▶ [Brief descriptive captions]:
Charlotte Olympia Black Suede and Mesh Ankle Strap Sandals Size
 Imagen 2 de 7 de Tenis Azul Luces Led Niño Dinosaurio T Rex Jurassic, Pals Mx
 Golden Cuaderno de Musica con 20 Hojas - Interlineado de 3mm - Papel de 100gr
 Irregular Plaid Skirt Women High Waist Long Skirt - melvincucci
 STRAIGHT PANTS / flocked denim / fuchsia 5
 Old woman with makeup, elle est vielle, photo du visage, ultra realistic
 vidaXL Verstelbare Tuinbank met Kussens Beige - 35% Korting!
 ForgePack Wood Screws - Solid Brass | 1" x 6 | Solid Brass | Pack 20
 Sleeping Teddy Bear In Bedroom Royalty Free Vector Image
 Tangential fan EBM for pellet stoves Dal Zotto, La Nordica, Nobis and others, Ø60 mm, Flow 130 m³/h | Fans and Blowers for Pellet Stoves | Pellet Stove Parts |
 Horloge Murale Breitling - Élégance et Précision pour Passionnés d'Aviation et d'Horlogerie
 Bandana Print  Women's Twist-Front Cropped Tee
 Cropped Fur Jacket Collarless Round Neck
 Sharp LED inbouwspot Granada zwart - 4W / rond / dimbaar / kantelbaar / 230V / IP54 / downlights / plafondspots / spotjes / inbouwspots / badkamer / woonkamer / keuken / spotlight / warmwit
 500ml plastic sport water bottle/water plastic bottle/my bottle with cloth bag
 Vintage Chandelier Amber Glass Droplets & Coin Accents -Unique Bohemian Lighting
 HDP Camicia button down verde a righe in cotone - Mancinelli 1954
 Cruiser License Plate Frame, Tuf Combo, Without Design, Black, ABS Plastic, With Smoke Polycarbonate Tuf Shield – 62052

▶ [Task goal]: All that should be written out is the stretch of lines above between the one holding "Imagen 2 de" and the one holding "Horloge Murale Breitling", inclusive, exactly as given.

▶ [Result for this task]:
 Imagen 2 de 7 de Tenis Azul Luces Led Niño Dinosaurio T Rex Jurassic, Pals Mx
 Golden Cuaderno de Musica con 20 Hojas - Interlineado de 3mm - Papel de 100gr
 Irregular Plaid Skirt Women High Waist Long Skirt - melvincucci
 STRAIGHT PANTS / flocked denim / fuchsia 5
 Old woman with makeup, elle est vielle, photo du visage, ultra realistic
 vidaXL Verstelbare Tuinbank met Kussens Beige - 35% Korting!
 ForgePack Wood Screws - Solid Brass | 1" x 6 | Solid Brass | Pack 20
 Sleeping Teddy Bear In Bedroom Royalty Free Vector Image
 Tangential fan EBM for pellet stoves Dal Zotto, La Nordica, Nobis and others, Ø60 mm, Flow 130 m³/h | Fans and Blowers for Pellet Stoves | Pellet Stove Parts |
 Horloge Murale Breitling - Élégance et Précision pour Passionnés d'Aviation et d'Horlogerie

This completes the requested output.